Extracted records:
*** Block opens ***

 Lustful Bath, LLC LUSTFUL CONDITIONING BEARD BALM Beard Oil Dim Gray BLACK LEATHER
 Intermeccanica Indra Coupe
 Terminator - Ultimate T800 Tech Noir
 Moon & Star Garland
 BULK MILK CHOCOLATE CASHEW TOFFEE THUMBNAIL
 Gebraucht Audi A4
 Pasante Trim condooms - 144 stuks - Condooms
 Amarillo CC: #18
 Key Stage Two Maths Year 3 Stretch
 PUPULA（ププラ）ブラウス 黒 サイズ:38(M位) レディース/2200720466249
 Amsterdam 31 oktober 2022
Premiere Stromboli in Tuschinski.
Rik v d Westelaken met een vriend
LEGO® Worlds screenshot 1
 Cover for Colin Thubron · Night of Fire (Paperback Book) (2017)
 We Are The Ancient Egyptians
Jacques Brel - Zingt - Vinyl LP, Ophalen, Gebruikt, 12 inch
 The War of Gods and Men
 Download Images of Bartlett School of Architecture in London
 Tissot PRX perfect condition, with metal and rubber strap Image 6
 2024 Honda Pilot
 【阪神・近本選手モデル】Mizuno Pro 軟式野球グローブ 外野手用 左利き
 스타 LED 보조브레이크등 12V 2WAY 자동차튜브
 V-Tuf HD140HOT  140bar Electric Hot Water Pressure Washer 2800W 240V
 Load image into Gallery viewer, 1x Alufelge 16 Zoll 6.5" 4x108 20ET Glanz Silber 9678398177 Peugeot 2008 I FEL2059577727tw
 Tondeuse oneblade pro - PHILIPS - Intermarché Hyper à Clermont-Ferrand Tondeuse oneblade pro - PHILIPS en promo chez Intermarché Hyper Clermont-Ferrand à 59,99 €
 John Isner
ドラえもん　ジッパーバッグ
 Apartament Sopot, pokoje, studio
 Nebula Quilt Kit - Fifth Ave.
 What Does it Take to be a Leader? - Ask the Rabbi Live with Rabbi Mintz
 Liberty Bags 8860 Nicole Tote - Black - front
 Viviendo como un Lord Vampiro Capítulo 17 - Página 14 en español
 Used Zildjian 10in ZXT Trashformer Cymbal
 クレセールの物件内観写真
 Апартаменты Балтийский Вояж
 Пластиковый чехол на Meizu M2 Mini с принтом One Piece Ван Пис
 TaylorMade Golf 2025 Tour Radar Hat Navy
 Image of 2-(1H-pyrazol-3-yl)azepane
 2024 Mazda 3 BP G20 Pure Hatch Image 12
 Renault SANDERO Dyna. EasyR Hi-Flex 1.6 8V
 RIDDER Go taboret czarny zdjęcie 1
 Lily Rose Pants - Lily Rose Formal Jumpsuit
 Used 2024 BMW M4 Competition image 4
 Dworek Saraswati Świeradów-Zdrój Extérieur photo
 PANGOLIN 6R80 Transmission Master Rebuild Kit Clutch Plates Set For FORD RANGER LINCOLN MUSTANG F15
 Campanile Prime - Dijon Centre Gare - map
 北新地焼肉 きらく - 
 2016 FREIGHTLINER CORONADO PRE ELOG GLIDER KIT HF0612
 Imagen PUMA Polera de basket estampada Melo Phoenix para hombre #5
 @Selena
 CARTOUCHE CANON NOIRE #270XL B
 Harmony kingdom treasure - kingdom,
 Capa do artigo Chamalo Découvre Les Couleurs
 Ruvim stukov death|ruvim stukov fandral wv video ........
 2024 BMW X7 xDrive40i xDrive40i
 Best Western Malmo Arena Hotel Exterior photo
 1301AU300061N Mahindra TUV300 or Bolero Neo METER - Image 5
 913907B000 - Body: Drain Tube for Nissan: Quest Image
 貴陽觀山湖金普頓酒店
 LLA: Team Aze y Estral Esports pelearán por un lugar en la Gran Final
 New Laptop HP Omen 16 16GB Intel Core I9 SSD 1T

*** Block closes ***

- [WORK ITEM]: Every entry must be repeated exactly; none may be skipped.

- [WRITTEN RESPONSE]:
 Lustful Bath, LLC LUSTFUL CONDITIONING BEARD BALM Beard Oil Dim Gray BLACK LEATHER
 Intermeccanica Indra Coupe
 Terminator - Ultimate T800 Tech Noir
 Moon & Star Garland
 BULK MILK CHOCOLATE CASHEW TOFFEE THUMBNAIL
 Gebraucht Audi A4
 Pasante Trim condooms - 144 stuks - Condooms
 Amarillo CC: #18
 Key Stage Two Maths Year 3 Stretch
 PUPULA（ププラ）ブラウス 黒 サイズ:38(M位) レディース/2200720466249
 Amsterdam 31 oktober 2022
Premiere Stromboli in Tuschinski.
Rik v d Westelaken met een vriend
LEGO® Worlds screenshot 1
 Cover for Colin Thubron · Night of Fire (Paperback Book) (2017)
 We Are The Ancient Egyptians
Jacques Brel - Zingt - Vinyl LP, Ophalen, Gebruikt, 12 inch
 The War of Gods and Men
 Download Images of Bartlett School of Architecture in London
 Tissot PRX perfect condition, with metal and rubber strap Image 6
 2024 Honda Pilot
 【阪神・近本選手モデル】Mizuno Pro 軟式野球グローブ 外野手用 左利き
 스타 LED 보조브레이크등 12V 2WAY 자동차튜브
 V-Tuf HD140HOT  140bar Electric Hot Water Pressure Washer 2800W 240V
 Load image into Gallery viewer, 1x Alufelge 16 Zoll 6.5" 4x108 20ET Glanz Silber 9678398177 Peugeot 2008 I FEL2059577727tw
 Tondeuse oneblade pro - PHILIPS - Intermarché Hyper à Clermont-Ferrand Tondeuse oneblade pro - PHILIPS en promo chez Intermarché Hyper Clermont-Ferrand à 59,99 €
 John Isner
ドラえもん　ジッパーバッグ
 Apartament Sopot, pokoje, studio
 Nebula Quilt Kit - Fifth Ave.
 What Does it Take to be a Leader? - Ask the Rabbi Live with Rabbi Mintz
 Liberty Bags 8860 Nicole Tote - Black - front
 Viviendo como un Lord Vampiro Capítulo 17 - Página 14 en español
 Used Zildjian 10in ZXT Trashformer Cymbal
 クレセールの物件内観写真
 Апартаменты Балтийский Вояж
 Пластиковый чехол на Meizu M2 Mini с принтом One Piece Ван Пис
 TaylorMade Golf 2025 Tour Radar Hat Navy
 Image of 2-(1H-pyrazol-3-yl)azepane
 2024 Mazda 3 BP G20 Pure Hatch Image 12
 Renault SANDERO Dyna. EasyR Hi-Flex 1.6 8V
 RIDDER Go taboret czarny zdjęcie 1
 Lily Rose Pants - Lily Rose Formal Jumpsuit
 Used 2024 BMW M4 Competition image 4
 Dworek Saraswati Świeradów-Zdrój Extérieur photo
 PANGOLIN 6R80 Transmission Master Rebuild Kit Clutch Plates Set For FORD RANGER LINCOLN MUSTANG F15
 Campanile Prime - Dijon Centre Gare - map
 北新地焼肉 きらく - 
 2016 FREIGHTLINER CORONADO PRE ELOG GLIDER KIT HF0612
 Imagen PUMA Polera de basket estampada Melo Phoenix para hombre #5
 @Selena
 CARTOUCHE CANON NOIRE #270XL B
 Harmony kingdom treasure - kingdom,
 Capa do artigo Chamalo Découvre Les Couleurs
 Ruvim stukov death|ruvim stukov fandral wv video ........
 2024 BMW X7 xDrive40i xDrive40i
 Best Western Malmo Arena Hotel Exterior photo
 1301AU300061N Mahindra TUV300 or Bolero Neo METER - Image 5
 913907B000 - Body: Drain Tube for Nissan: Quest Image
 貴陽觀山湖金普頓酒店
 LLA: Team Aze y Estral Esports pelearán por un lugar en la Gran Final
 New Laptop HP Omen 16 16GB Intel Core I9 SSD 1T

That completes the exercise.